Norman Brannon is a pop critic, musician, and author based in New York City. He presents a weekly music update here on Towleroad and writes regularly at Nervous Acid.
Follow Norman on Twitter at @nervousacid.
He's still largely anonymous in America, but after selling more than 8 million albums everywhere else in the world — and celebrating this achievement with 2009's excellent The Hits compilation — now seems as a good a time as any for Will Young to rock the boat. On his fifth studio effort, Echoes, the out gay pop star has done just that: For one thing, hiring electropop maestro Richard X to helm production duties for the entire album was a bold move — not only because Richard X has never produced an entire full-length album for an artist of this size before, but because Young's sole experience with making electronic music before this album was a one-song collaboration with Groove Armada. And perhaps therein lies the genius. Echoes is the sound of a clean slate and the reintroduction to a Will Young that sounds more inspired than we've ever heard him. Opener (and lead single) "Jealousy" is a solid barometer for the album's tone, managing to convey sorrow through all of the musical signifiers we associate with euphoria, while the electro-disco "Runaway" showcases Young's soulful vocal chops utilizing an entirely fresh palette. But it's "Come On" that, by track 2, perfectly fuses past and present — retaining Young's classic sensibility, although trading in the stadium-sized string sections for synths. It's far too early to make any predictions, but this far into 2011, track for track in its entirety, I have yet to hear a more exciting and cohesive commercial pop album. Echoes will be called a reinvention, but it's actually just insanely good.
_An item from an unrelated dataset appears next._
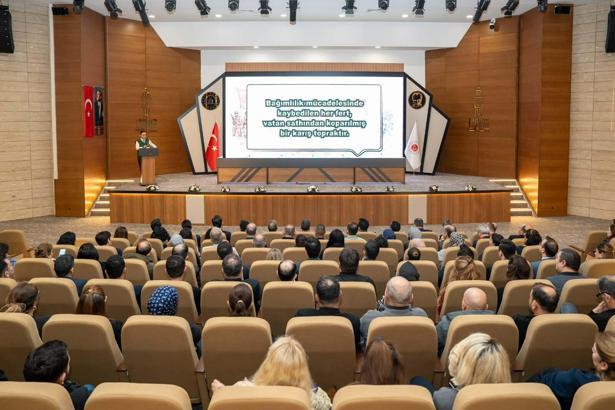 İzmir Adliyesi'nde 'Bağımsızlık Mücadelesi' semineri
Eager to get her new single out — or just conceding to the fact that they did pretty much steal someone else's song — Leona Lewis (alongside label head Simon Cowell) have resolved their legal dispute with 22-year-old Swedish producer Avicii over "Collide," the lead single from Lewis' forthcoming third album. Complete details of the agreement have not been disclosed, but only a few days after leaving court new artwork for the single emerged, crediting the song to "Leona Lewis/Avicii." No word on whether or not Ministry of Sound still plans to release "Fade Into Darkness," the original Avicii composition at the center of this dispute.
Have James Blake and Bon Iver teamed up to form a new band? According to Blake's Twitter feed, the duo has planned something for tomorrow, August 24, under the name Fall Creek Boys Choir.
If you haven't heard Bright Light Bright Light yet, make it a priority: the London-based electropop songwriter recently released the impeccable "Disco Moment" as lead single for his forthcoming debut, and this week, he whipped up a DJ mix for BUTT magazine, who also get down to some need-to-know facts — like, "Have you ever had sex in the toilets?" — for a concise Q&A.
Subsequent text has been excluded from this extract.